While I am well acquainted with mountain biking after this recent spring, city biking was never an activity I had given a chance. But, when I had the opportunity to join La Bicicleta Verde on their Markets and Local Life tour, I couldn’t turn it down.
Santiago was a city I had a week to explore, and I wanted to uncover all I could about it. A tour by bicycle sounded like the perfect way to do this.
After easily finding my way to their brightly painted building, I found myself sitting in their equally vibrant green office at 9 o’clock Wednesday morning. Since I had spent Monday and Tuesday exploring Santiago on my own, I was excited about what lay ahead, and most importantly about what the tour could teach me.
I was also looking forward to changing up the pace at which I saw the city. Earlier in the week, I walked and wandered the city streets as I usually do, but with La Bicicleta Verde I’d be able to see more of Santiago, plus it was just as green as using my feet.
After waiting for everyone to arrive, I was joined by a couple from Arizona and a young woman from Brazil, we were each given a bottle of water, a helmet, and our adorable green bikes. After adjusting the seat and getting instructions on how to work the breaks and gears, we were on our way to explore Santiago.

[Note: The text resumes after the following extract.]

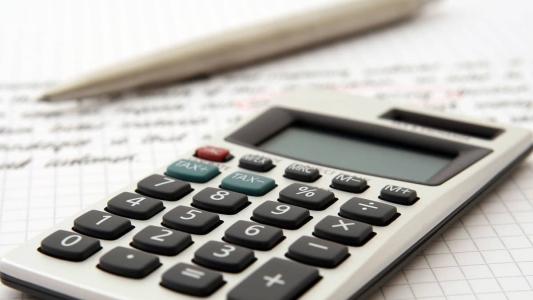 Famílias e empresas tiveram aumentos nos juros de crédito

The idea of getting on a bike in the middle of a new city was a bit daunting, but we started off on the back roads of Bellavista, which helped grow all of our confidence levels. Plus, Josh, our guide for the day, was very encouraging and always stopped or looked back to make sure we were all okay.
Heading through Bellavista, we stopped to look at some street art, and then we were on our way to our first stop: one of Paolo Neruda’s homes.
Neruda was a Chilean poet and politician who had not one, but three homes throughout Chile. While you can tour the inside of the home during certain hours of the day, we were treated to the outside view, a little history lesson, and the street art that was located in the area. This particular home was built on the outskirts of the city as a romantic hideaway for him and his wife.
From Paolo Neruda’s home, we made our way through Barrio Patronato, a location that’s known for clothing shops and Asian cuisine. Many of Chile’s newest immigrants from Palestine and Syria have moved to this area of town and started businesses. It’s also where many of the Chinese and Korean immigrants live as well.
For us, it was a quick short cut to the markets, and our first stop was La Vega Central, where we tied up our bikes and had a look around.
Vendors were selling fruits and vegetables, dog and cat food, bath and beauty supplies, and cleaning products to name a few of the items that could be found. There were even spots to gamble, if one was interested.
After a quick overview of the market, we all sat down at a table for coffee and juice, along with freshly made sopaipillas, a delicious round pastry-like bread made with pumpkin. After a cold morning cycling around, this snack hit the spot.
The tables around us weren’t full, but watching market life go by as we sat and ate our snack was an absolute treat. Kittens warmed themselves by the coal grills, women sat and peeled potatoes, and men sat with huge bowls of hot, steamy soup; this was the real Santiago.
After warming up a bit, we headed back out and across the street to the next market, El Mercado Central. Inside, the market had restaurants and stalls selling fruit, vegetables, and souvenirs, but the main draw was the fish, whose venders lines the perimeter of the market. Since it was early morning, the market was bustling and full of life.
From here, we were off to Plaza del Armas, a plaza in the middle of the city that feels an awful lot like a square you’d find in Spain. That’s because it was built around the time of the Spanish settlement and was used for military training, hence the name. Today, it’s a gathering place for people, full of preachers, entertainers, fortune tellers, and artists.
After a little more history, we left the plaza and headed back to the office of La Bicicleta Verde, and even though that ride was a bit more difficult, with more traffic, I was getting used to seeing the sights by bike. I didn’t want the tour to end, but after my morning with Josh, I felt that I had a much better handle on the city.
If you’re in Santiago and are looking for a different way to see the city, I’d recommend La Bicicleta Verde in a heartbeat. Not only do they have the city tour I took, but they also have a Parks and Politics tour, as well as winery tours, night tours, and walking tours, or if you’d rather go off on your own, they also rent out bikes. Either way, seeing Santiago by bike is definitely an activity that should be on your list, and for help with that, look no further than La Bicicleta Verde.
What to know:
Price: Depends on the tour, but the Local Life and Markets tour that I took was $18.000 CLP, or $36 USD
Tour Length: About three hours
Attire: Comfortable shoes and layers. The bikes are cruisers, so you don’t have to get decked out in athletic gear, just make sure you’re comfortable.
Address: Loreto 6, corner Av Santa Maria, Metro Fine Arts
A special thanks to La Bicicleta Verde for a accommodating me on the tour. As always, the opinions are my own.